- [What you should do]: Pictures aside, every line of the listing should be given again exactly.

- [Data shown]:
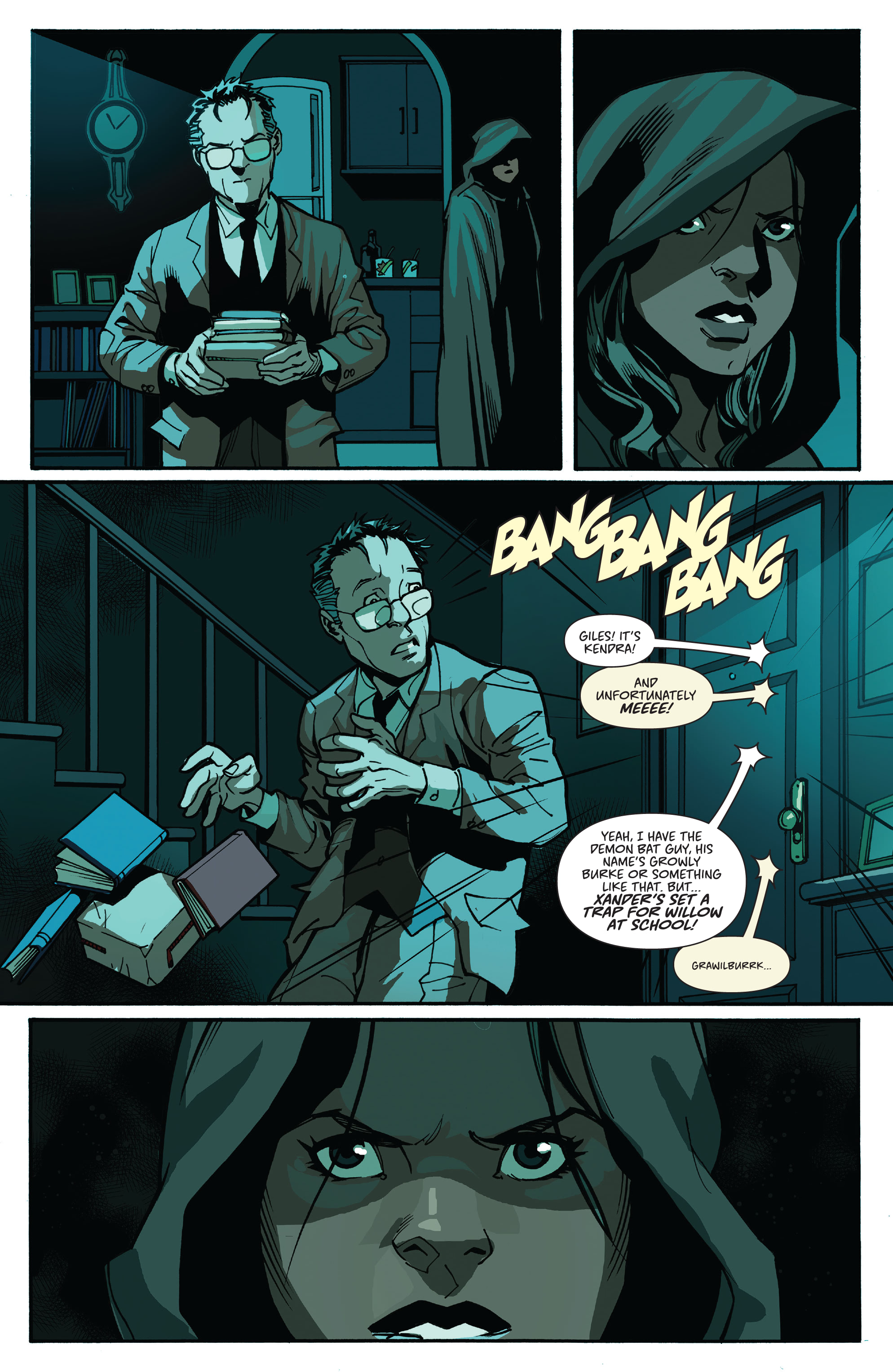 Buffy the Vampire Slayer (2019-) issue 23 - Page 12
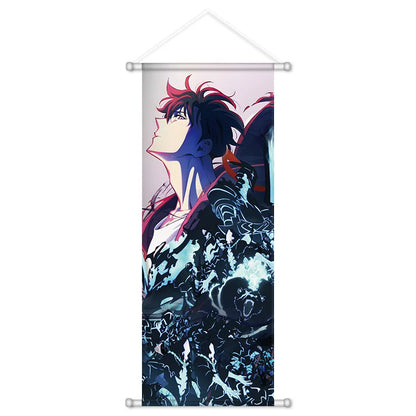 Solo Leveling Wall Scroll - 72cm Sung Jinwoo Arise Art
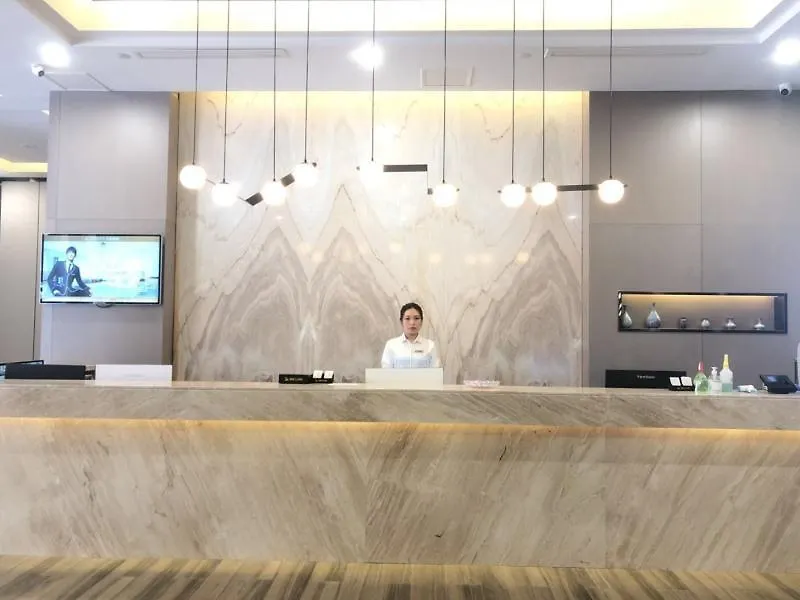 Greentree Eastern Changge Yiwu City Hotel Xuchang Chine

- [Result of the exercise]:
 Buffy the Vampire Slayer (2019-) issue 23 - Page 12
 Solo Leveling Wall Scroll - 72cm Sung Jinwoo Arise Art
 Greentree Eastern Changge Yiwu City Hotel Xuchang Chine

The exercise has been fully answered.